I’ve got posts I’ve started, months and months ago, that I never managed to finish, the words still locked up inside me, unable to get out.

This makes me sad.

Sadder still is that it’s taken me this long to recognize what the blog has become. I can only hope that by recognizing the downward changes, I can reverse them. Not to have more readers; to be true to myself and why I started blogging.

– “Welcome to the Black Parade,” The Black Parade: My Chemical Romance

Things I would really like to work together to help me stay super organized this year:

In my ideal world — which is currently dominated by being the perfect student — these three programs would work together gorgeously in helping me stay organized and on top of the ball.

I use Schoolhouse for all of my school-related functions: taking notes, keeping track of assignments, and (hopefully) keeping track of my grades. In a perfect world, every time I created an assignment in Schoolhouse, it would automatically create a to-do in things. This being automatic is a high priority — entering it in once is hard enough for me. However, not only will an assignment create a to-do, in my imaginary world the type of assignment would determine whether or not the to-do becomes a project in its own right, and creating tasks in Schoolhouse would create to-dos that are automatically assigned to the project.

In the reverse, when I mark a linked to-do as completed in Things, it would thus go and mark it as complete in Schoolhouse; if I mark an assignment complete in Schoolhouse, Things should mark the to-do completed.

For most people, this may seem like enough, that my two favorite programs are talking together and working perfectly. However, I heart iCal and the way I can look at my whole week at a time, seeing where I have to be and what I have to do.

So, in my absolutely perfect world, Things communicates with iCal, and to-dos that I have given a completion date should appear on my calendar, and if I mark it completed there, Things marks it completed, and vice versa.

Sigh.

I wish software developers followed my whim; it would make me extremely happy. I know the Things-to-iCal communication is in the works, but I sincerely wish there was a Schoolhouse-Things communication in the works. It would make this semester’s organization nearly perfect, and my failure would be without excuses.
– “I Light My Own Fires Now,” The Shade of Poison Trees: Dashboard Confessional

  1. Be more organized.
  2. Procrastinate less.
  3. Exercise more.

It’s a sad, sad day when not only has exercise made it onto the new year’s resolutions, but is also the most likely of the three to be accomplished.

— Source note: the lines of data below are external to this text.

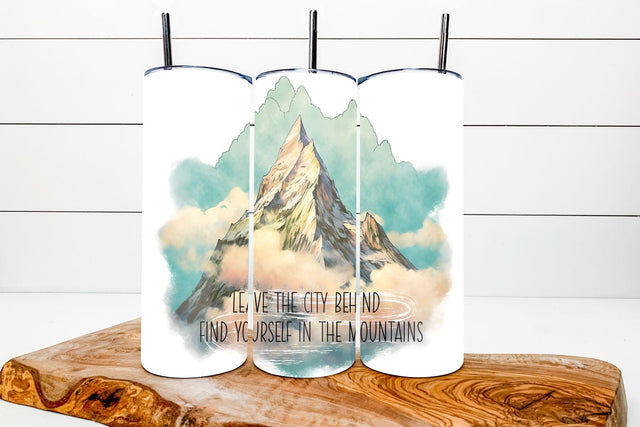 Mountain tumbler with motivational quote / Mountain PNG Sublimation Angelina Semenova 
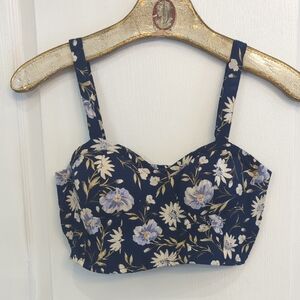 Blue Floral Bustier Top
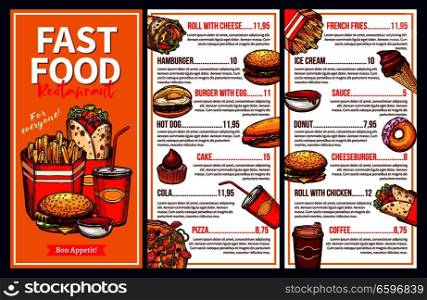Fast food restaurant menu folding brochure template. Hamburger, pizza and hot dog, cheeseburger, fries and soda, donut, coffee and egg sandwich, burrito roll and cake price list poster design. Fast food menu with takeaway lunch meal and drinks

There are many more things I could add to this list of things I want to do throughout the year. I want to write more (both blogging and fiction), to read more outside of classes, to knit more, to go out more, to have more fun.

However, that’s a crazy long list, most of them without anything more definite to go on. And most of those require me to be more organized and less procrastination minded, so it makes more sense to put the deeper reasons for my failings on the list.

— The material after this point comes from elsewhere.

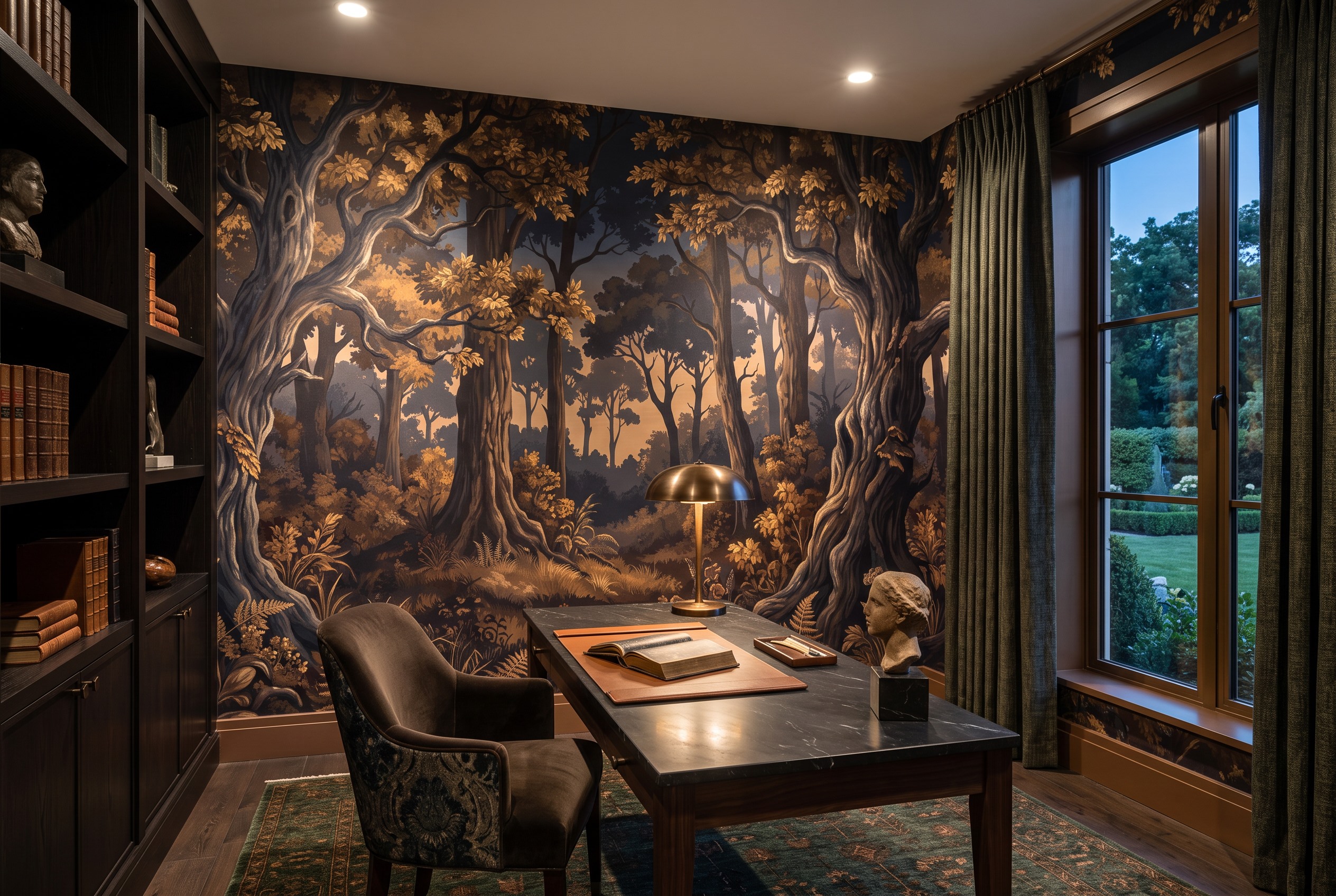 Gold And Neutral Abstract Forms Layered Wallpaper Mural Office-wallpaper-murals, Shown In A Home Office, Peel-and-stick Finish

These three are failings, too. For someone who keeps her room clean, her papers in order, and everything in their place, I am massively unorganized. Tests and papers sneak up on me — like last semester, when I didn’t realized until the Thursday before that we had a grammar test on Friday, and still managed to forget to take the test on Friday (it was an online test). I am constantly forgetting when things are due, when events are, and when I’ve promised to be places.

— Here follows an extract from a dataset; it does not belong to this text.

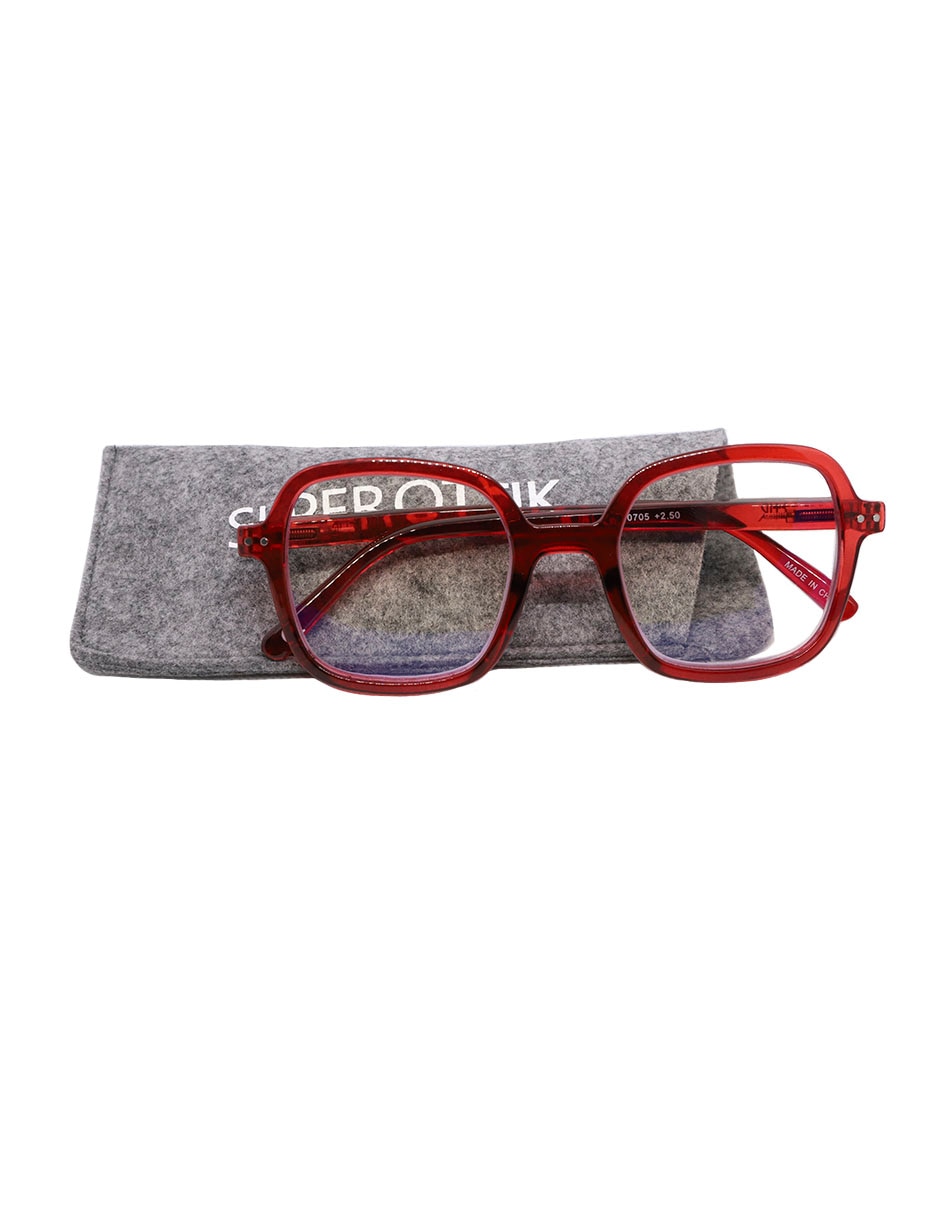 Lentes de lectura superottik lrp 10705-4 rojo cuadrado unisex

I do realize that exercise does usually tend to be the default resolution for many people, but I really need to stop putting it off. I’ve been complaining for the last few years how I feel horrible for being so out of shape (and am still huffing and puffing for short bike trips), but haven’t done anything to combat it. It’s time I finally stopped feeling like crap, and actually exercised.

It’s a good thing that I have the entire month of January off. That’s a month to become set in my new ways, so that when the semester starts up, it won’t be so easy to brush them off.

Hopefully I’ll remember to blog about how things are going occasionally. I know I’ll need advice on how to get this done, and so I’ll be counting on my friends to help pull me through.